Tetapi giliran ada beras raskin hilang, uang kas sosial nggak jelas, atau ada
janda yang hamil tiba-tiba semua menunjuk hidung ketua RT yang tidak becus
memimpin.
Dulu sebelum
keruntuhan rezim Soeharto pernah ada desas-desus penggajian ketua RT sebagai
stimulus agar ‘profesi’ yang satu ini tidak sepi peminat. Bahkan semua
perangkat kampung mulai Ketua RT, Sekretaris sampai Bendahara akan kecipratan
‘uang lelah’. Tapi isu tetaplah isu, jangankan uang lelah bentuk uangnya pun
sampai sekarang cuma ‘ngimpi’. Mungkin karena alasan itulah ada juga beberapa
oknum RT nakal yang akhirnya memainkan kewenangannya asal dapat uang lelah.

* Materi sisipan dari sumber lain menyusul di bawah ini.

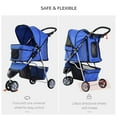 thumbnail image 4 of 3 Wheels Foldable Dog Stroller with Storage Basket, Adjustable Canopy, Cupholder for Miniature and Small Dogs, Blue, 4 of 6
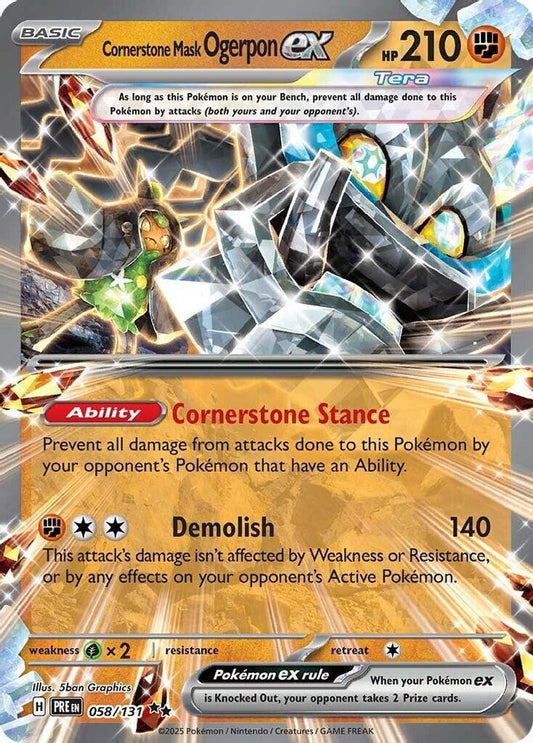 Cornerstone Mask Ogerpon ex 058/131 Double Rare Prismatic Evolutions Holo NM/M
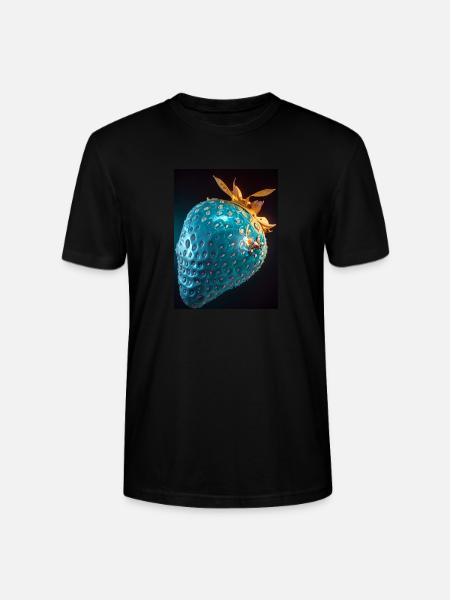 Strawberry, technical, high-tech, illustration, blue - Stanley/Stella CRAFTER Unisex Organic T-Shirt - black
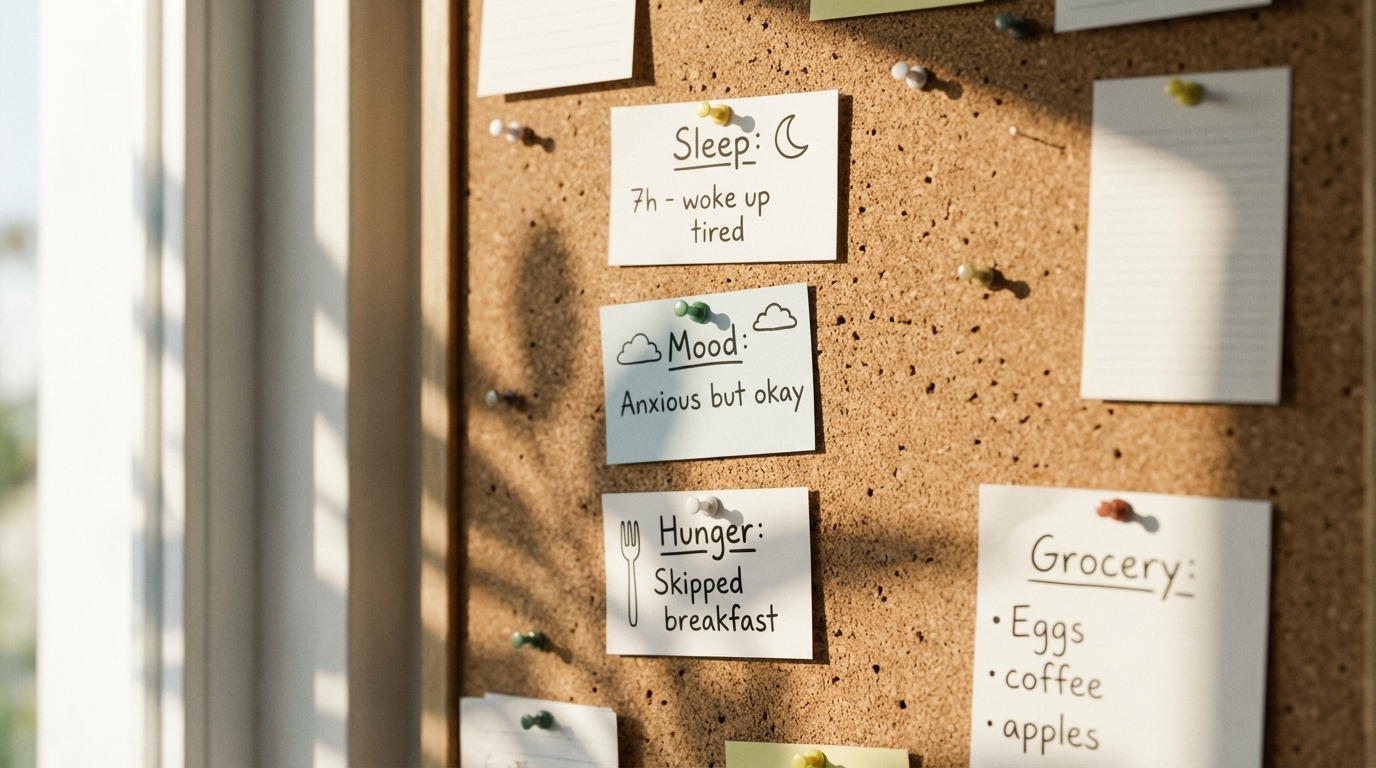 Handwritten notes showing simple daily cues like sleep and mood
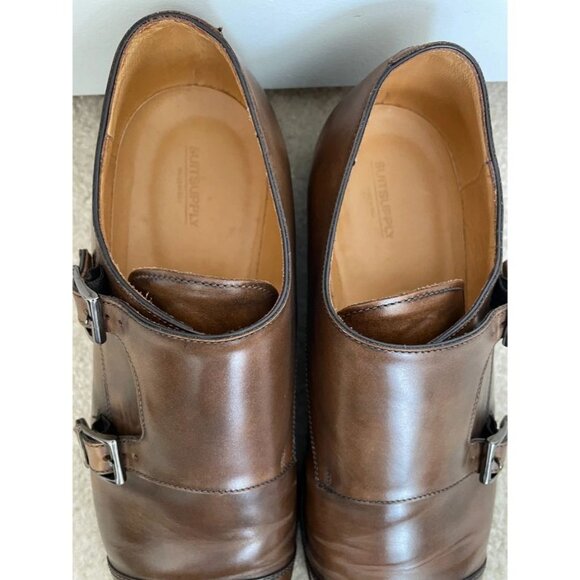 Suitsupply Leather Double Monk Strap Shoes Brown Size 10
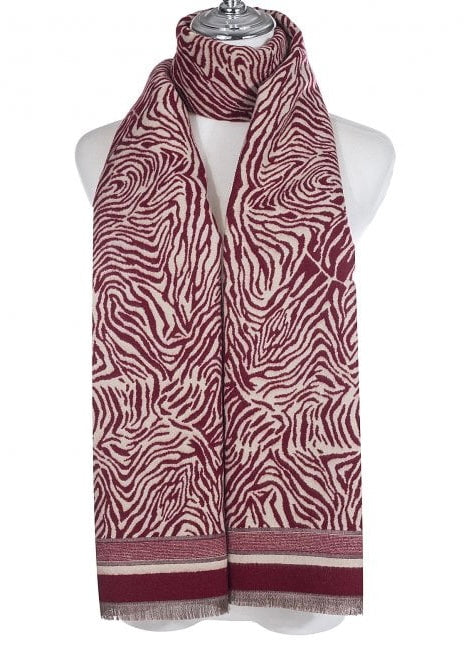 Claret Red Zebra Scarf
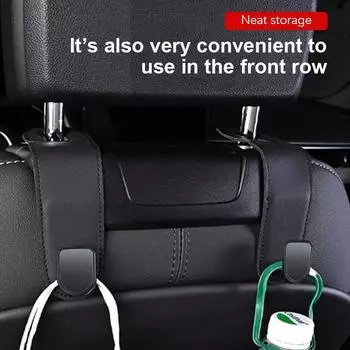 1 шт. Универсальный кожаный крючок для спинки сиденья автомобиля, автомобильный подголовник, подвесной держатель, вешалка для хранения, аксессуары для интерьера Black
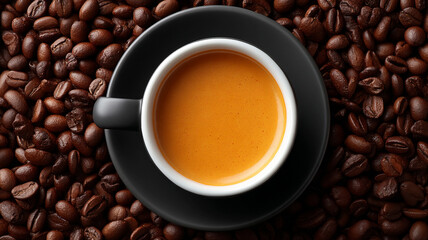 Top view of espresso cup surrounded by roasted coffee bean with rich crema on black saucer, warm and inviting coffee aroma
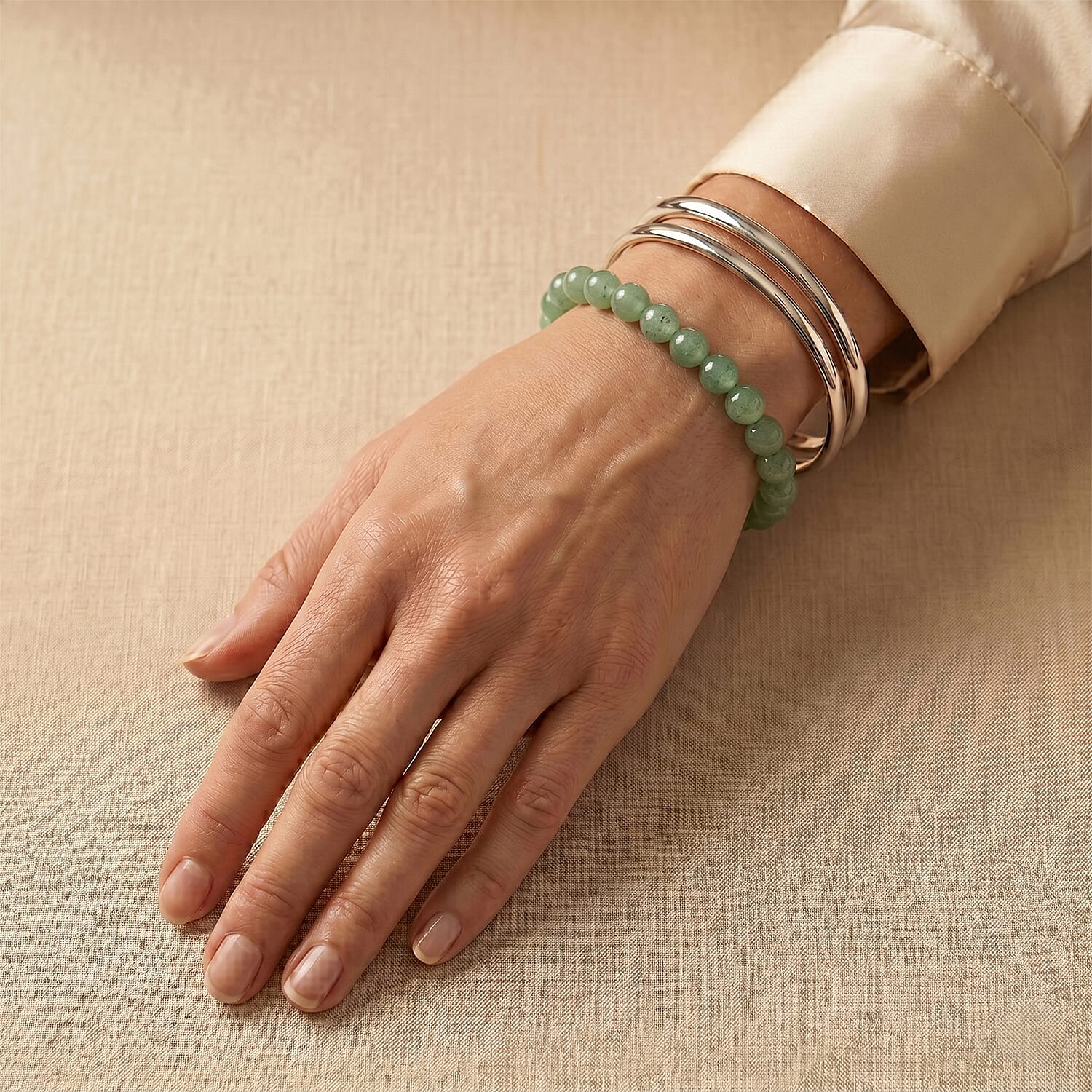 Green Aventurine 45.00 ctw Beaded Stretch Bracelet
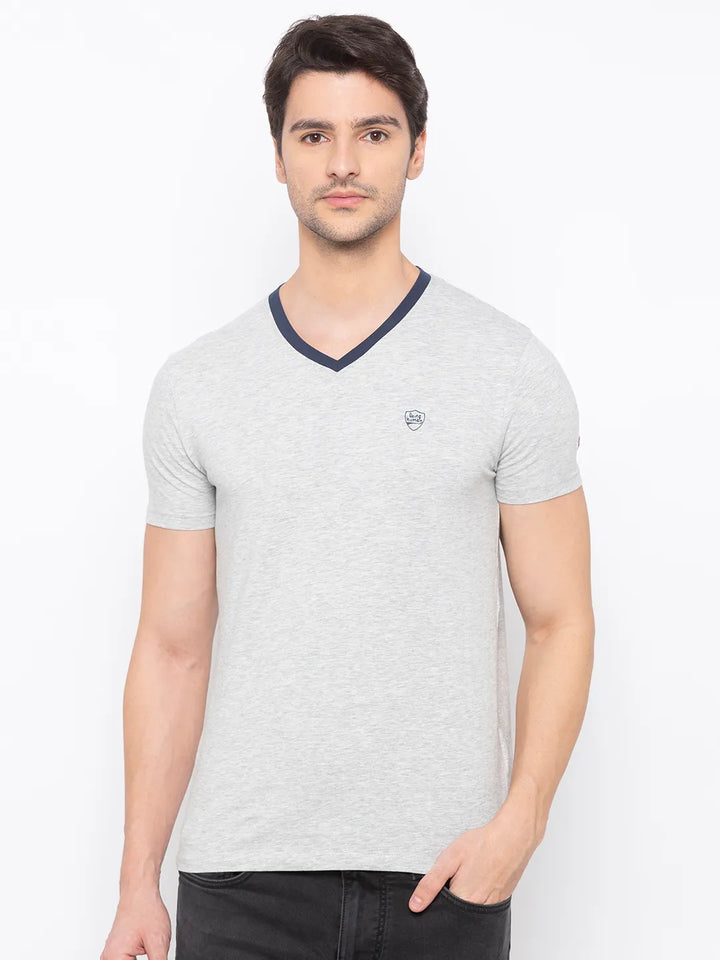 Grey Regular Fit Men's Short Sleeves T-Shirt by Being Human Clothing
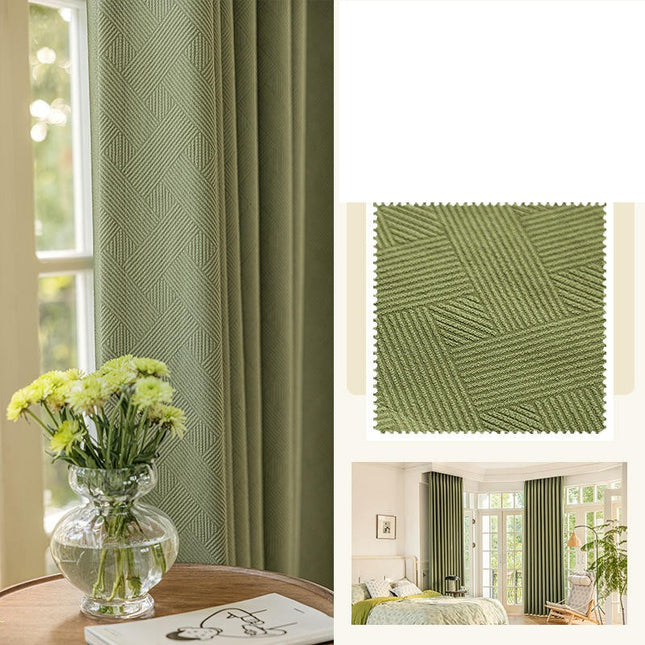 Curtains Blackout 2 Panels Living Room Soundproof Curtain Hooks Top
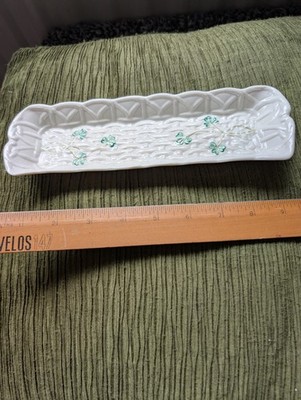 Belleek China Porcelain Ireland Shamrock Mint Candy Trinket Tray Dish 9.5'' x 3''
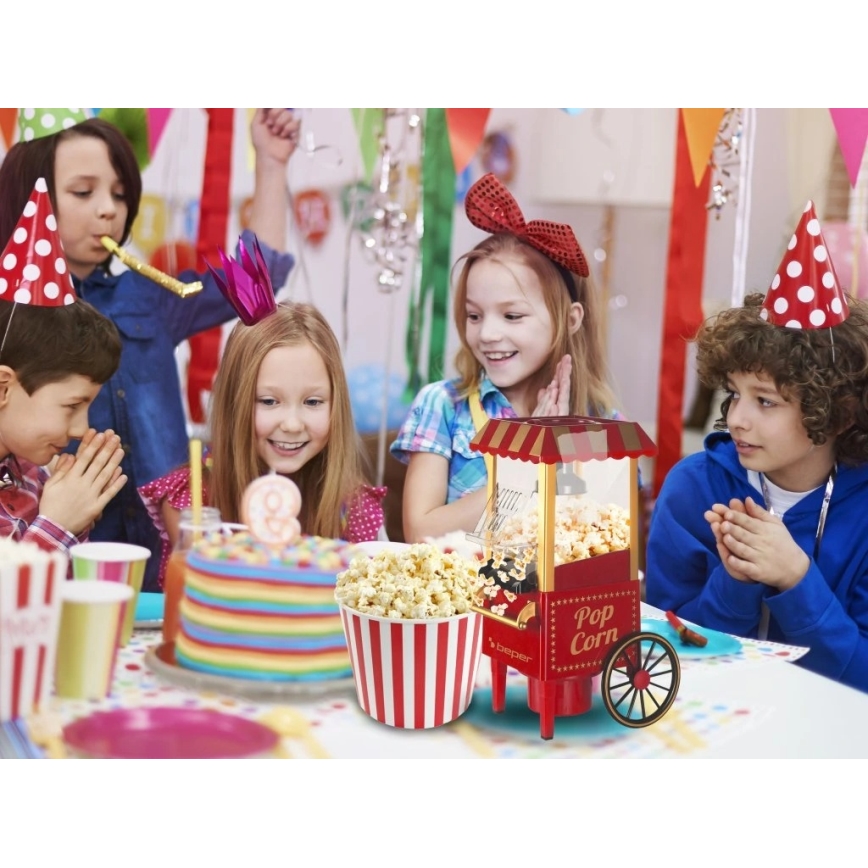 Beper - Popcornkone 1200W/230V punainen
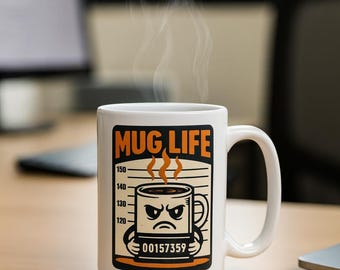 Mug Life Criminal Mugshot Mug 15oz | Funny Coffee Ceramic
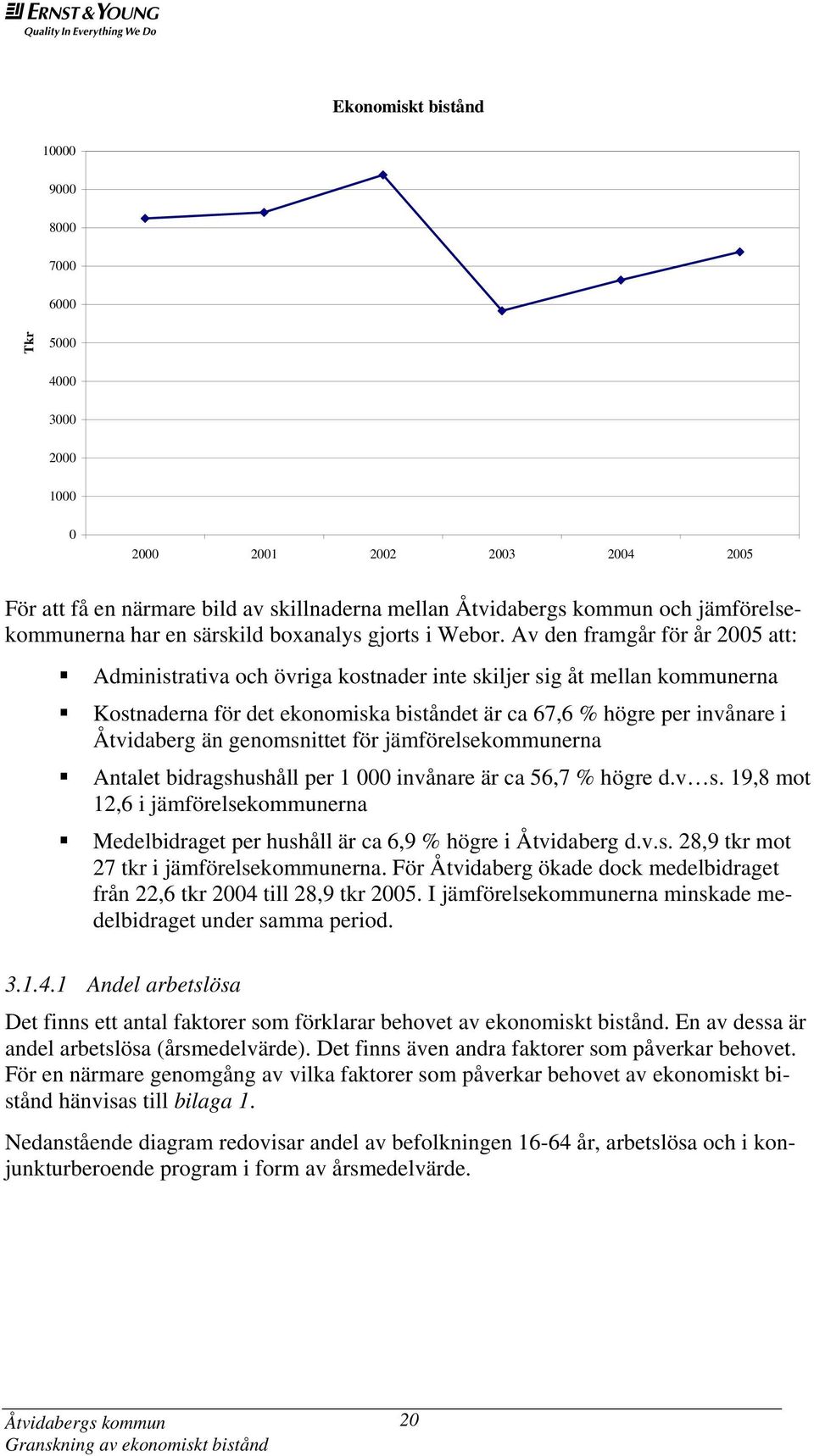 Av den framgår för år 2005 att: Administrativa och övriga kostnader inte skiljer sig åt mellan kommunerna Kostnaderna för det ekonomiska biståndet är ca 67,6 % högre per invånare i Åtvidaberg än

Walhasil dengan beberapa rupiah saja seorang teman asal kabupaten
Malang pernah memamerkan 3 KTP dari Probolinggo, Balikpapan dan kotamadya
Malang hasil nembak. Bahkan ada seorang WNA Bangladesh yang tidak
jelas asal-usulnya tiba-tiba bisa menikah di Surabaya karena mengantongi KTP
dari Sampang, Madura. Benar-benar aneh bin ajaib.
Meskipun
kelihatannya remeh tapi sesungguhnya tugas ketua RT itu begitu mulia dan
kemungkinan hanya ada satu-satunya didunia. Fungsinya paling tidak bisa menjadi
filter pertama dalam administrasi kependudukan, penggerak pembangunan bangsa di
sektor kemasyarakatan bahkan leader masyarakat dalam memantau gerakan
mencurigakan seperti teroris atau jaringan narkoba di lingkungannya. Jadi
mungkin tak berlebihan jika bukan hanya guru yang bisa kita sebut sebagai
pahlawan tanpa tanda jasa dan layak diberi label guru teladan dalam beberapa
event. Tapi selayaknya jabatan ketua RT semestinya bisa mendapatkan penghargaan
serupa semisal Ketua RT Teladan Indonesia atau Ketua RT Idol. Sehingga jabatan
ketua RT kelak bukan lagi jabatan untuk orang yang banyak menganggur di rumah
tapi benar-benar jabatan non politik yang bisa membawa perubahan dari dasar
sosial kemasyarakatan. Artinya seseorang bisa turut mengisi pembangunan dengan
menjadi Pak atau Bu RT atau bisa juga menangguk pahala dari pelayanannya
terhadap warga. So,ada yang siap jadi ketua RT?